Governance models: What kind of governance setup works best for the frontier technology initiatives?
Supporting collaborative innovation: How can the frontier technology initiatives help research and industry work together?
Overcoming challenges: How do ecosystem challenges vary according to technology?
Adapting under uncertainty: How can initiatives respond to change and unpredictability?

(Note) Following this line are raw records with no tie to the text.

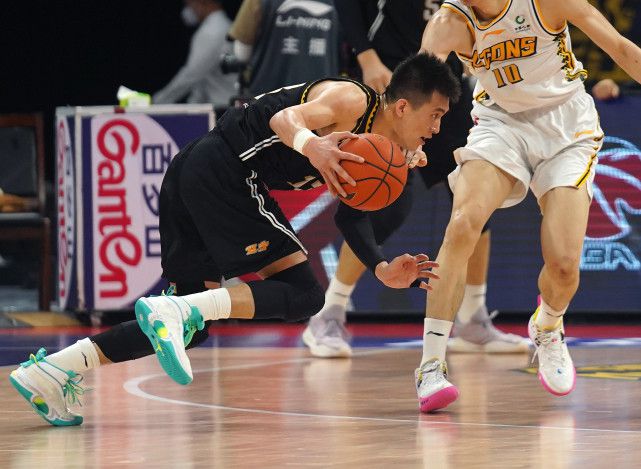 电影《大哥，别闹了》爱奇艺、腾讯视频已上线，一场爆笑沉浸式剧本杀已上演，一起来解锁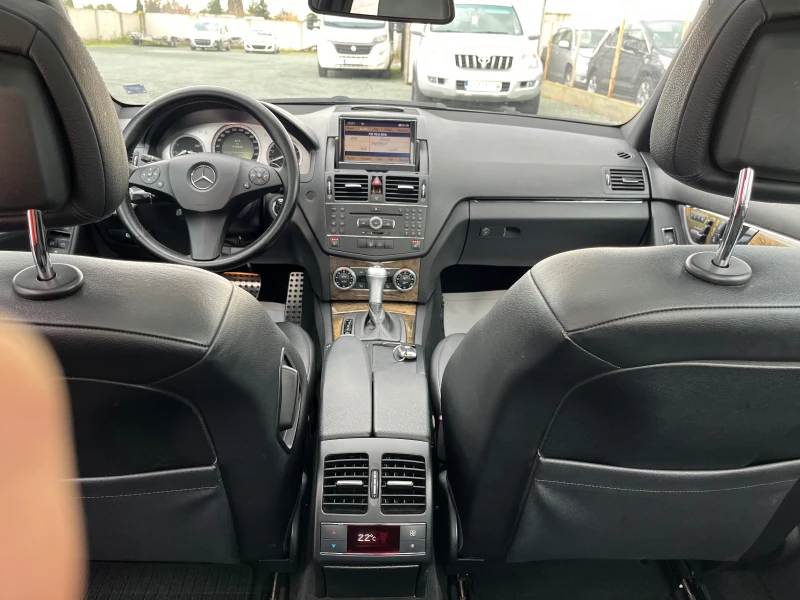 Mercedes-Benz C 350 I-AMG-Пакет Заводски, снимка 13 - Автомобили и джипове - 52485263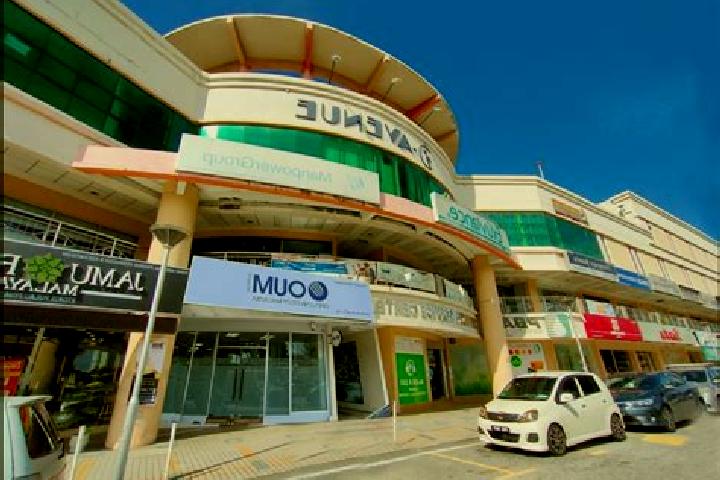 Escorts Bukit Jambul, Malaysia — Local Companions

Leveraging existing data sources to diagnose local ecosystem maturity levels
Before this session, the OECD Innovation for Development Facility team consulted innovation leads from more than 20 DAC member countries and other funder organisations. Insights from this consultation and contributions throughout the seminar made clear that there is a challenge not only with available data, but with sensemaking expertise in funder organisations and implementing agencies. To address the former challenge, the OECD Innovation for Development Facility developed an pilot product for programme officers and policy experts, which consists of a repository of existing data sets and indices related to innovation ecosystems. This ‘minimum viable product’ – which will be further refined and developed with the learning journey’s participants – provides an overview of how and where to access existing data sets.

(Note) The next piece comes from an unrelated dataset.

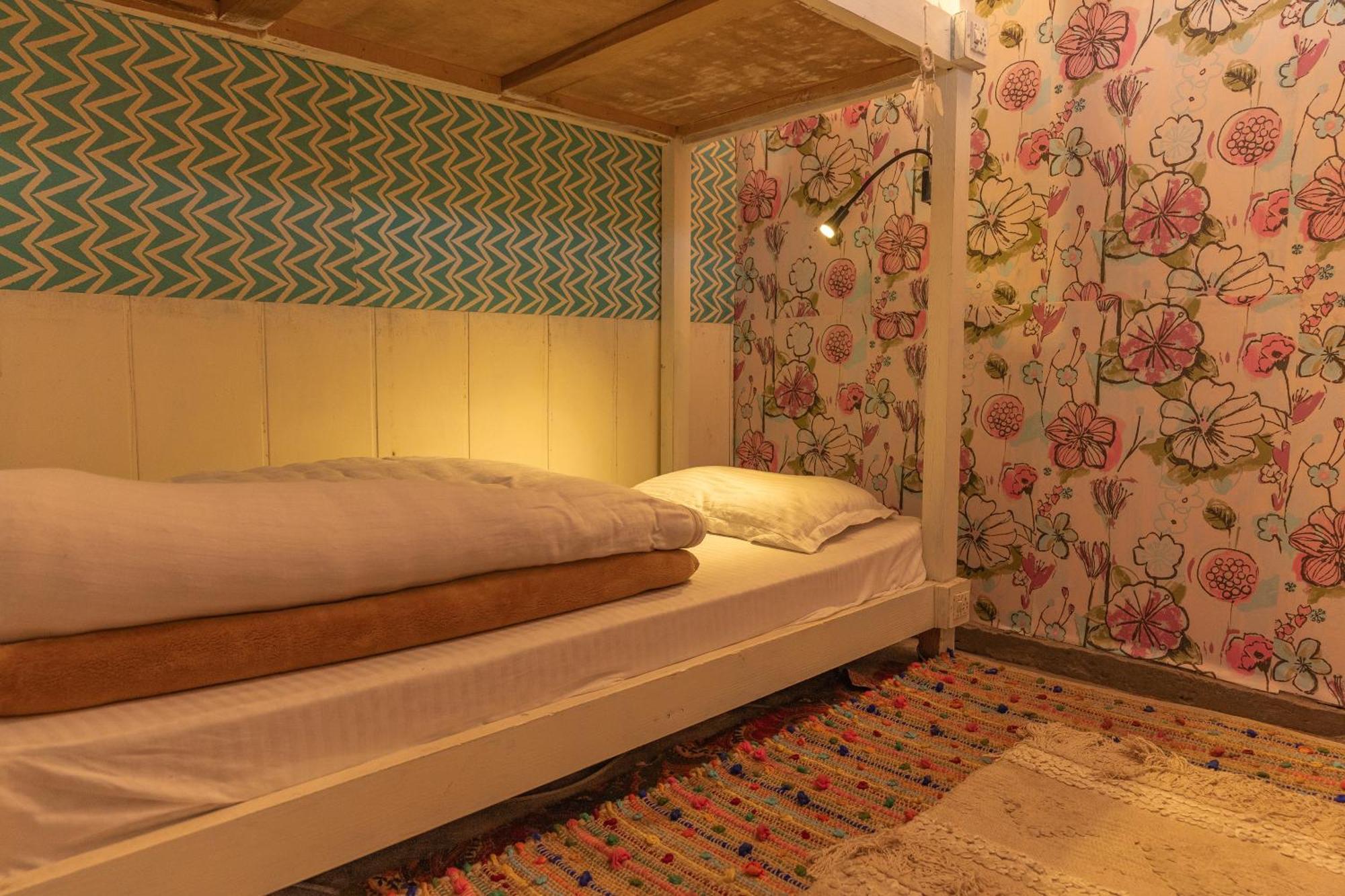 Firgun Chapter Shoja Hostel Εξωτερικό φωτογραφία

Throughout the seminar, many participants noted difficulties related to several other aspects of innovation ecosystem diagnostics. These included:
How best to navigate and map the social dynamics and networks within a given country, and practical approaches for capturing and incorporating these in diagnostic assessments.

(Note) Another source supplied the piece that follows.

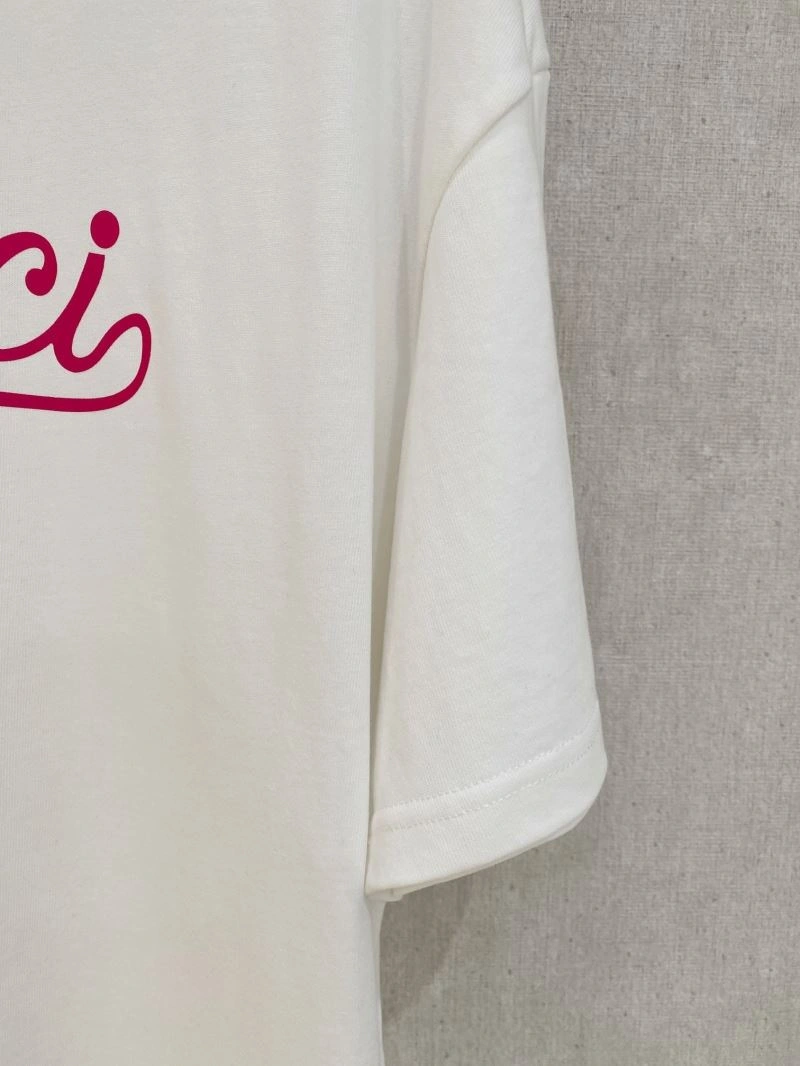 Gucci T-Shirts Practical 127467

Once a baseline is established, how to move beyond output-level measurements to capture changes in relationships, capabilities, and institutional dynamics at the ecosystem level.
Moving Forward
Looking ahead, this adaptive seven-part learning journey will respond and dedicate time to the above data and social networking challenges, and focus on monitoring and evaluation frameworks for innovation ecosystem strengthening in upcoming sessions. Participants will explore how to capture system-level changes, share concrete indicators, and reflect on methods for assessing stakeholder contribution. Colleagues are encouraged to bring examples, tools, challenges or questions from their work, which will help shape a shared approach that is grounded in practical realities and responsive to emerging challenges.